Met andere kinderen praten
Er zijn heel veel kinderen die ook een broer of zus met een ziekte hebben. Vind je het fijn om eens met andere kinderen te praten, die ook een zieke broer of zus hebben? Vraag je vader en moeder dan of ze je kunnen helpen om die kinderen te leren kennen.
Leuke spelletjes
Doe je graag leuke dingen met je broer of zus? Ook als hij of zij in bed ligt, kun je spelen met elkaar. Hier zijn een paar leuke spelletjes die je kunt proberen:
-
- Schaduwfiguren maken op de muur
- Kijken wie het langst stil kan blijven zitten zonder te lachen
- Lekker samen op de bank kruipen of in bed en luisteren naar mooie muziek
- Sneeuwballen maken van krantenpapier en elkaar daarmee bekogelen
- Gezichtjes tekenen op ballonnen en daarmee overgooien
- Samen naar een luisterboek luisteren of naar een film kijken
- Samen verhalen verzinnen of een verhaal voorlezen
- Computerspelletjes doen
- Haren opsteken en opmaken
- Samen gekke bekken trekken
- Samen rare geluiden maken
- Kietelspelletjes doen
- Liedjes zingen
- Bellen blazen
- Met handpoppen spelen
Nieuwe manieren om te spelen
Soms moet je nieuwe manieren bedenken om met elkaar te spelen.
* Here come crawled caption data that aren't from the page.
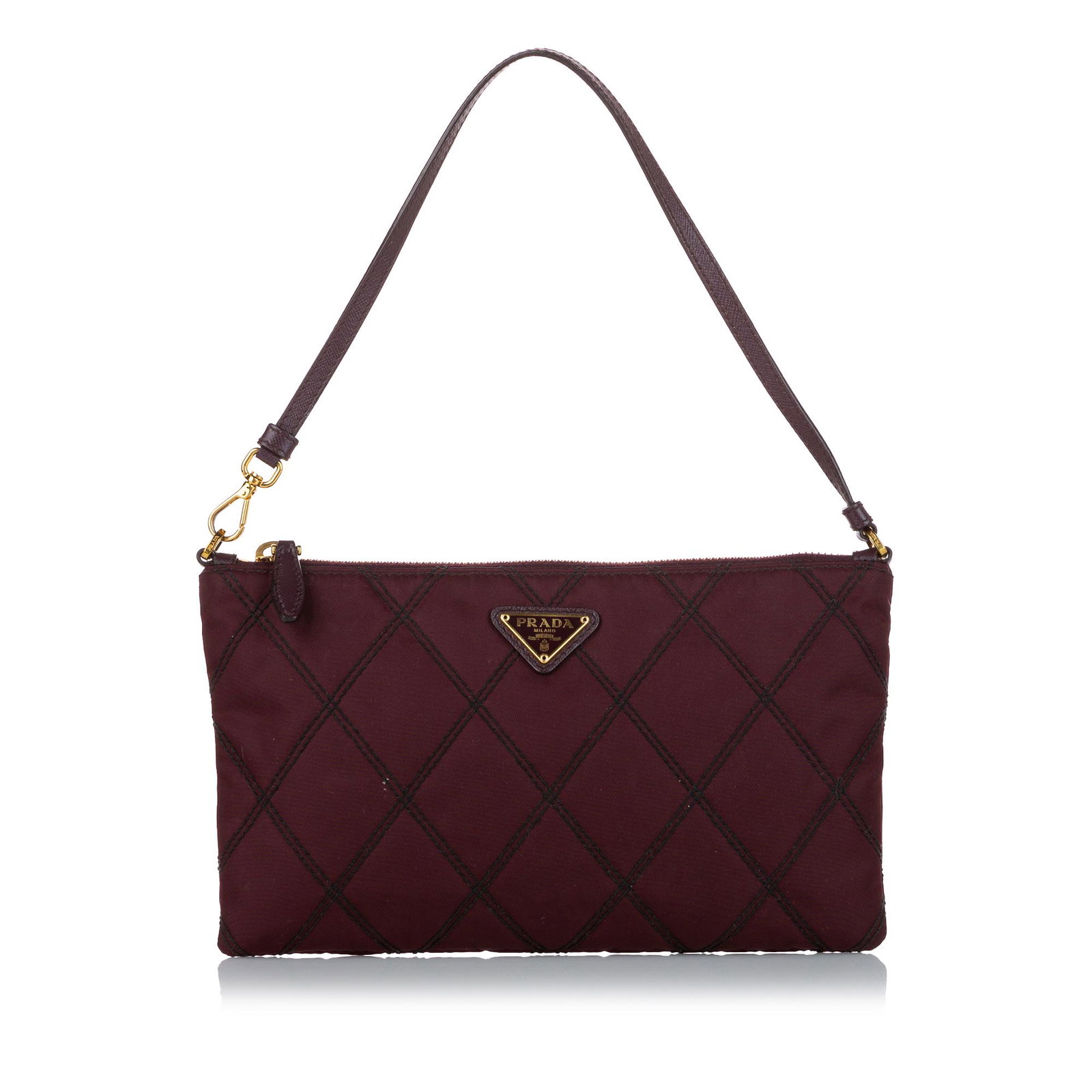 Prada Impuntu Tessuto Baguette: Prada Impuntu Tessuto Baguette This baguette features a quilted nylon body a flat leather strap a top zip closure and an interior zip pocket. Brand: Prada Model: Impuntu Tessuto Baguette Origin: Italy
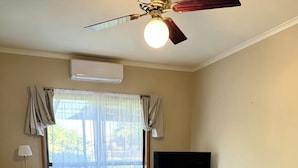 Un salon doté d’un ventilateur de plafond, d’un téléviseur à écran plat, de deux fauteuils poire, d’une table basse en verre et d’une fenêtre avec des rideaux.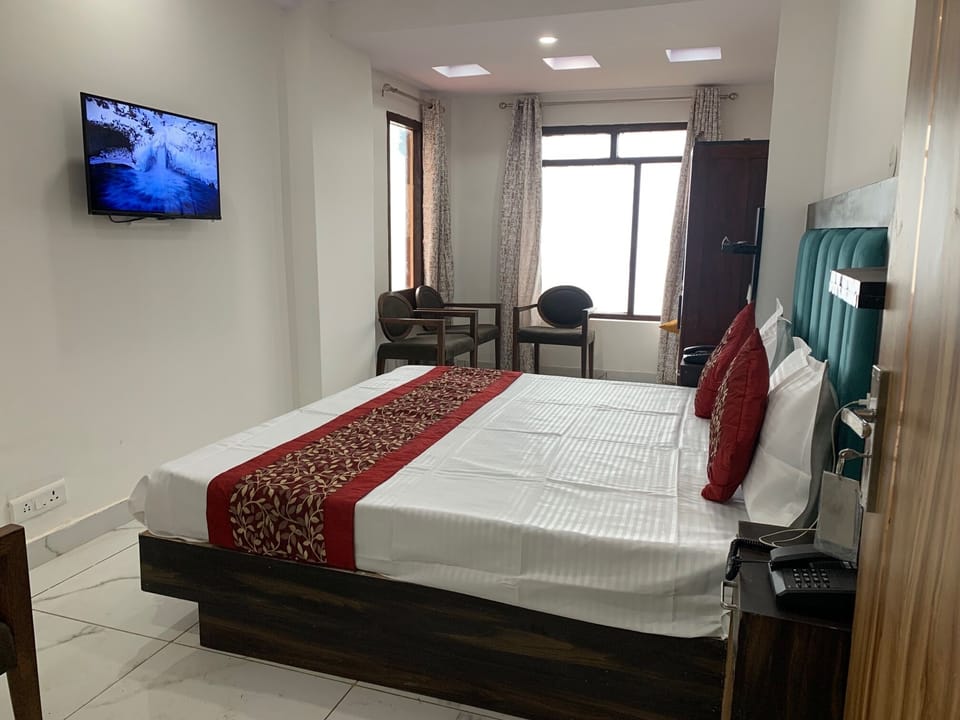 Deluxe Double Room, Balcony, Garden View | Laptop workspace, free WiFi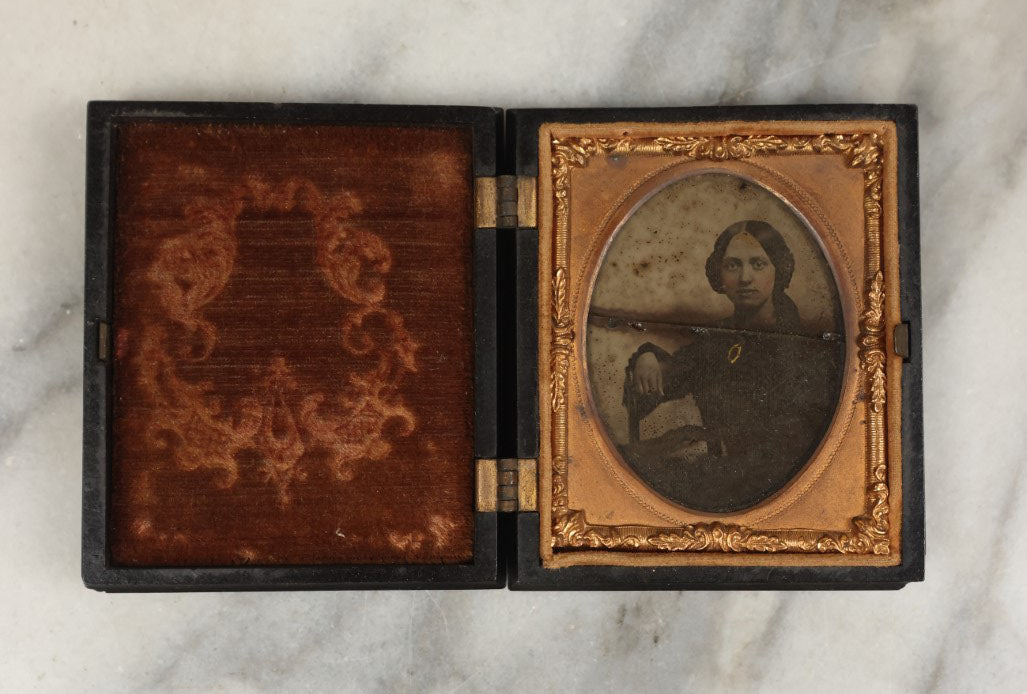 Lot 001 - Antique Union Case Thermoplastic Gutta Percha 1/9th Plate Hard Image Case With Angel And Baby, By S. Peck And Co., Manufacturers, With Damaged Ambrotype Of Woman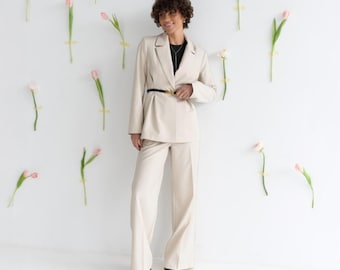Conjunto feminino de blazer e calça palazzo de pernas largas, com blazer e cinto na cintura.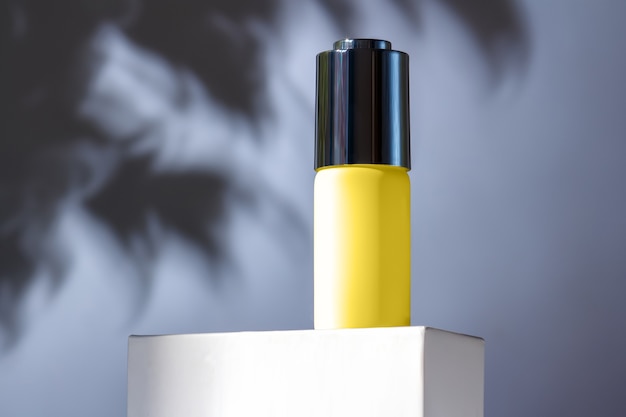 Trendy 2021 year Ultimate Gray and Illuminating colors. Stylish composition with a yellow dropper bottle on a stand on a gray wall with the shadow of the leaves.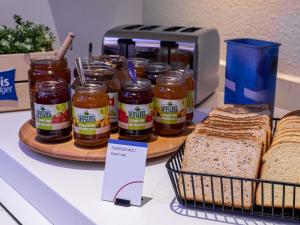 a counter with bread and jars of jam and peanut butter at Ibis budget Brest Sud Plougastel - Hôtel rénové in Plougastel-Daoulas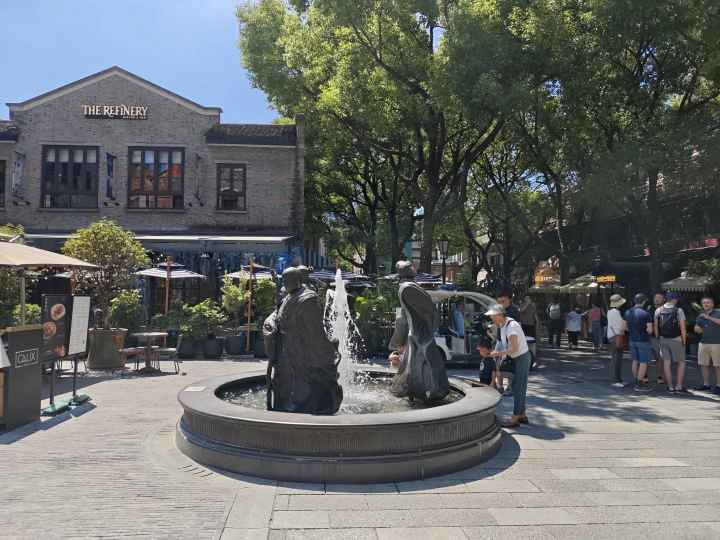 A complete guide to Xintiandi: the history of its transformation, the difference between North and South Block, where to eat, and when to visit.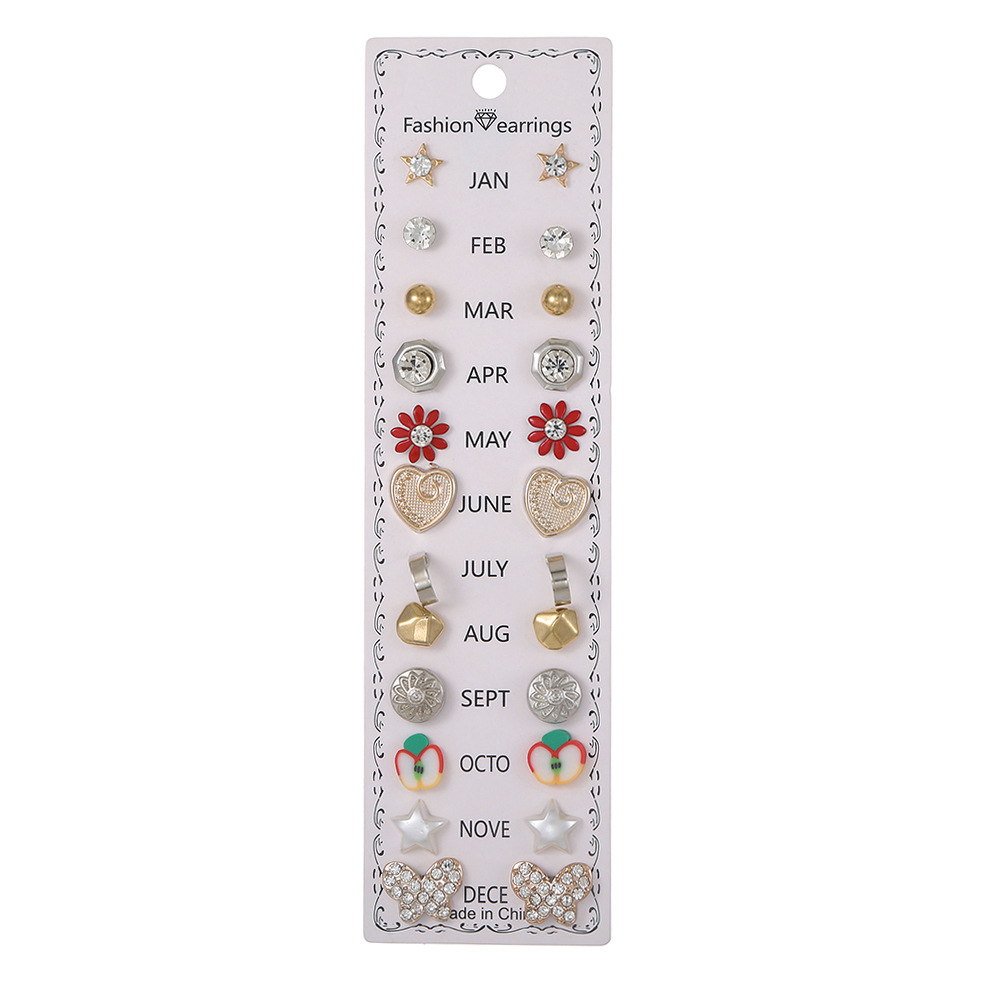 Set de 12 pares de aretes con flores y diamantes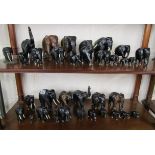 Quantity of ebony elephants over 2 shelves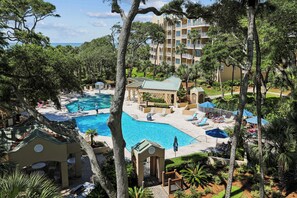 A resort with a swimming pool, lounge chairs, and a building with balconies. - Ocean Front 4Br Villa w/ Large Balcony! (Hilton Head Island)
Het is heel knap als je dat kunt. Hieronder vind je wat voorbeelden die kinderen al bedacht hebben:
-
- Bordspelletjes: vorm samen een team en laat je broer of zus dobbelen en de pion verzetten.
- Balspelletjes: tennissen terwijl je op een stoel zit of spelen met een zachte bal van schuim.
- Woordspelletjes: je broer of zus roept een woord en jij moet dat op een grappige manier uitbeelden.
- Dansen: met je vingers bewegen op de maat van de muziek.
- Doen alsof: leg plaatjes van dieren op een rij. Jij doet alsof je een dier bent en je broer of zus moet aanwijzen welk dier.
- Voelspelletjes: probeer iets te herkennen door te voelen (zonder te kijken).
- Spiegelbeeld: Kijk elkaar in de ogen en doe elkaar dan precies na, alsof je in de spiegel kijkt.
Praten lucht op
Het kan zijn dat je je soms zorgen maakt of de ziekte van je broer of zus ooit overgaat. En of hij/zij er misschien wel dood aan kan gaan. En misschien vraag je je af of jij die ziekte ook kunt krijgen. Bijna alle kinderen denken daar wel eens over na. Het is niet altijd gemakkelijk om die vragen aan je vader en moeder te stellen. Het kan zijn dat je bang bent om je vader en moeder verdrietig te maken. Toch vinden ouders het fijn als je erover praat. Het kan voor jou opluchten, en voor je vader en moeder ook. Misschien vind je het gemakkelijker om met je oma of opa of met je juf of meester te praten. Dat mag ook. Als je maar niet te lang blijft zitten met je zorgen en vragen. Jouw vragen zijn ook belangrijk. Een zieke broer of zus is niet altijd gezellig in huis. Misschien wordt hij of zij snel boos of doet je wel eens pijn. Je mag dat altijd zeggen tegen je vader en moeder (ook als je het wel begrijpt dat je broer of zus zo doet). Bedenk dat jij er niks aan kunt doen, soms is het nu eenmaal zo. Zorg ervoor dat je genoeg leuke dingen doet voor jezelf, zoals afspreken met vrienden en vriendinnen of sporten. Dan kun je er ook beter tegen als je broer of zus geen goede zin heeft.
Mee om te kijken
Als je broer of zus naar een andere (speciale) school gaat, ga dan eens een keer mee om te kijken hoe het daar is. Dan weet je ook beter wat jouw broer of zus doet als jij op school bent.
Samen iets gezelligs doen
Zou je eens een dagje verwend willen worden? Dan is het leuk om bijvoorbeeld samen een dagje iets gezelligs te gaan doen. Of om samen op vakantie te gaan. Er zijn mensen die dit speciaal voor zieke kinderen en hun familie regelen.